Recorded data:
*** Begin section ***
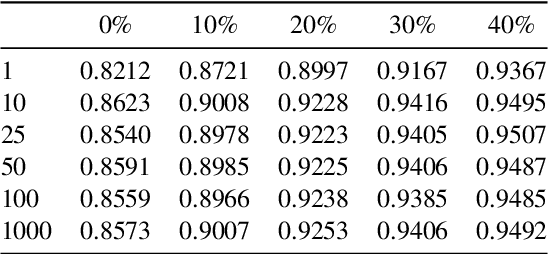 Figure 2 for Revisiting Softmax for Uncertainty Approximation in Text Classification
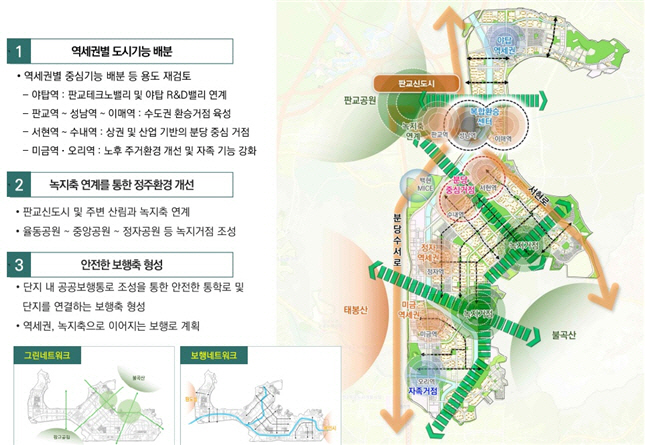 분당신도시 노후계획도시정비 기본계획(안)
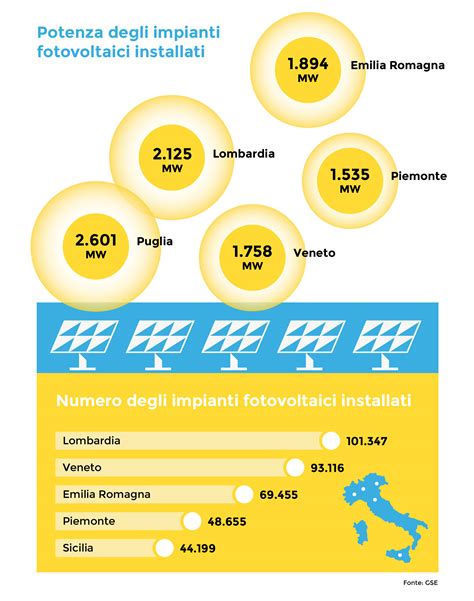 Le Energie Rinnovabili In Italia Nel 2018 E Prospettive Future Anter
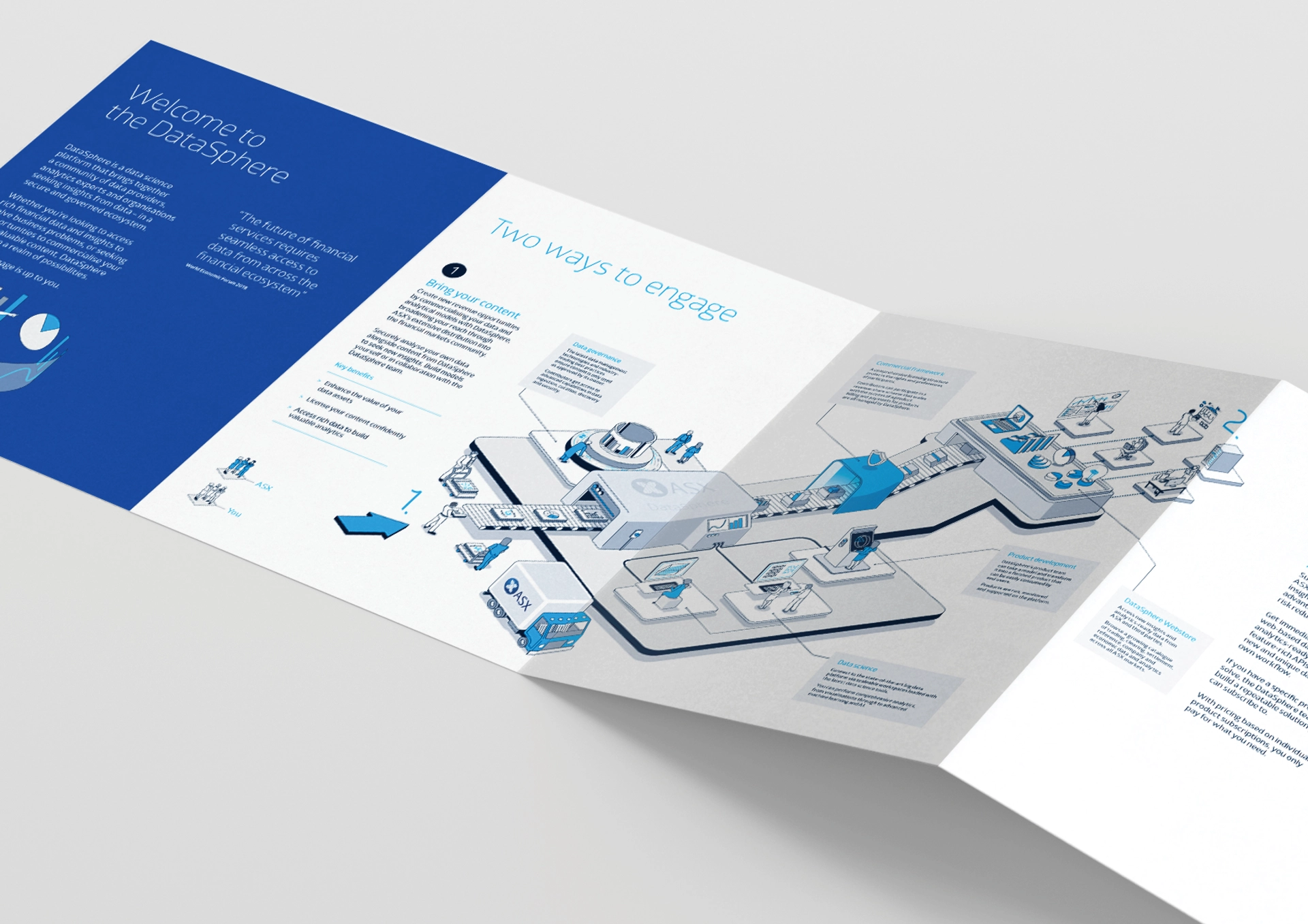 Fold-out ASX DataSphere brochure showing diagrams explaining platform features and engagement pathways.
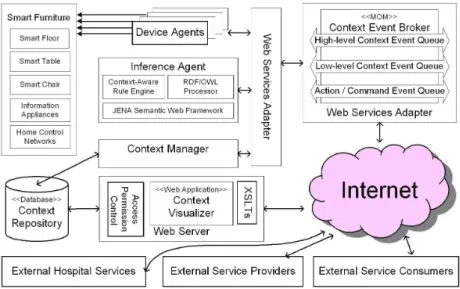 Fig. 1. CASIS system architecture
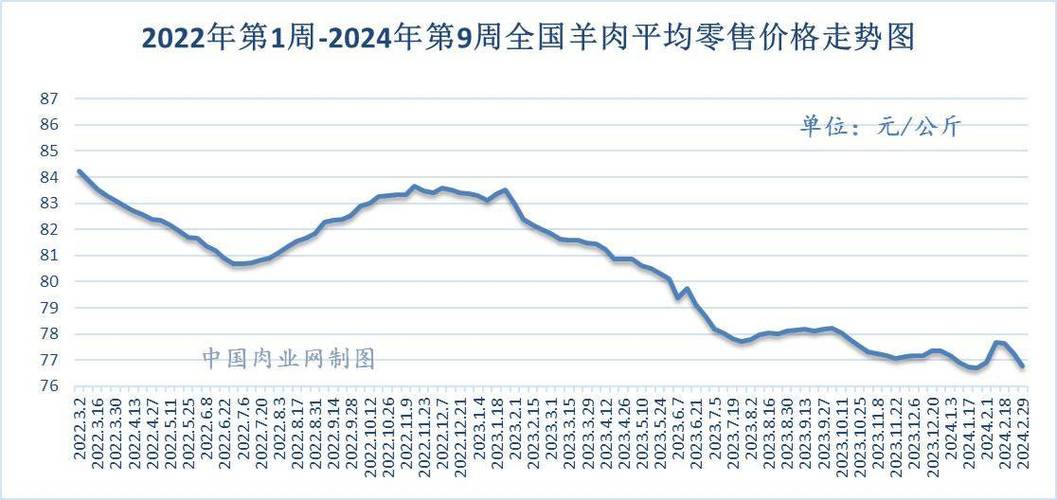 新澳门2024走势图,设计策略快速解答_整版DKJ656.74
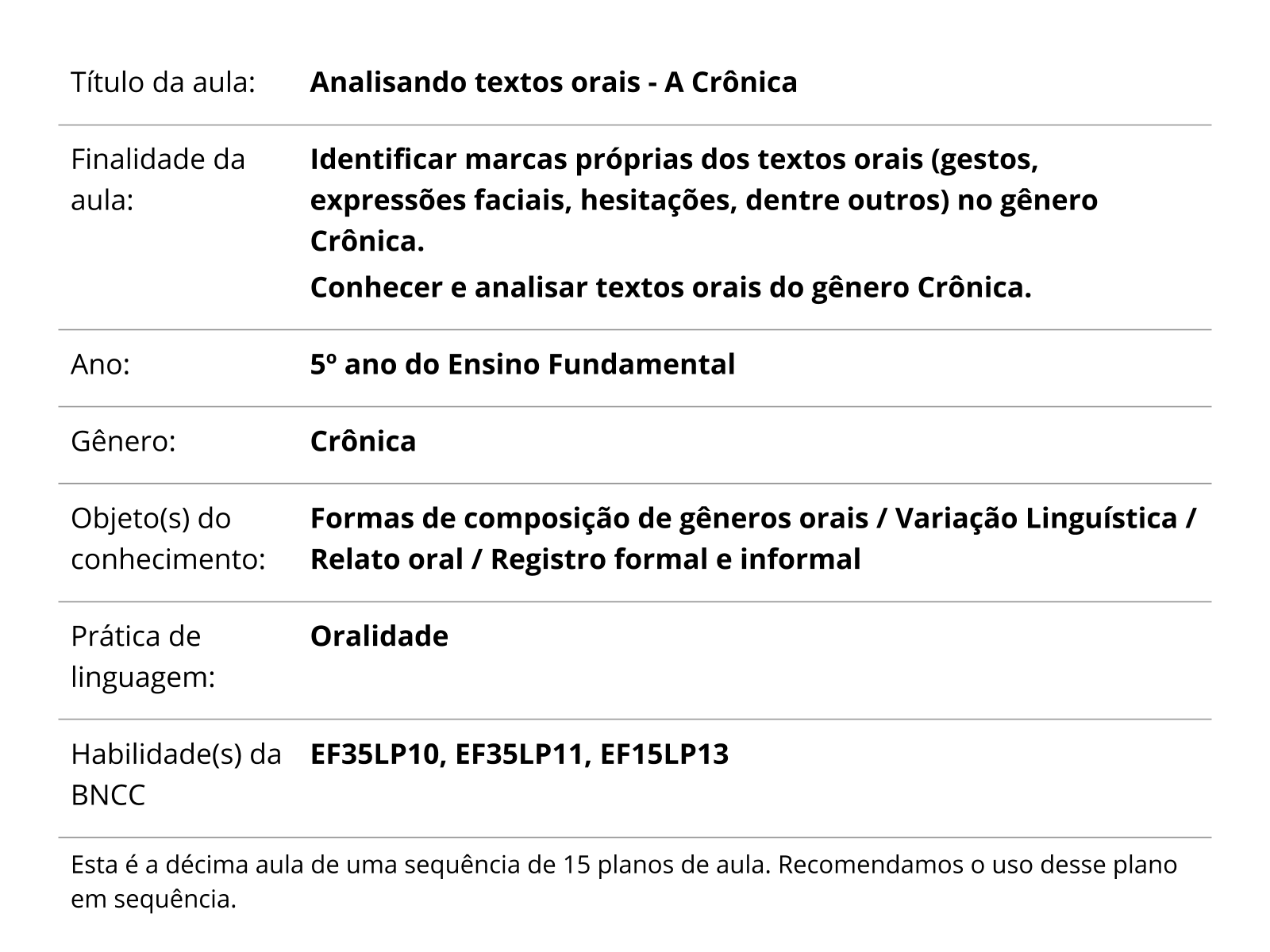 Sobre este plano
*** End section ***
*** Begin section ***
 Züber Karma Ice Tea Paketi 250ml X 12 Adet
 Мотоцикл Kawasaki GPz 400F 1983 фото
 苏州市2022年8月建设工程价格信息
*** End section ***
*** Begin section ***
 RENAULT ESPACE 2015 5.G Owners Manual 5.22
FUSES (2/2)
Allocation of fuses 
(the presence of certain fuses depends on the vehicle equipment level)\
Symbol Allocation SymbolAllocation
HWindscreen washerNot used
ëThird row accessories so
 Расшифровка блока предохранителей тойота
*** End section ***
As the answer, set down only the lines from the data above between the one holding "Symbol Allocation SymbolAllocation" and the one holding "Расшифровка блока предохранителей тойота", inclusive, exactly as they read.

Written response:
Symbol Allocation SymbolAllocation
HWindscreen washerNot used
ëThird row accessories so
 Расшифровка блока предохранителей тойота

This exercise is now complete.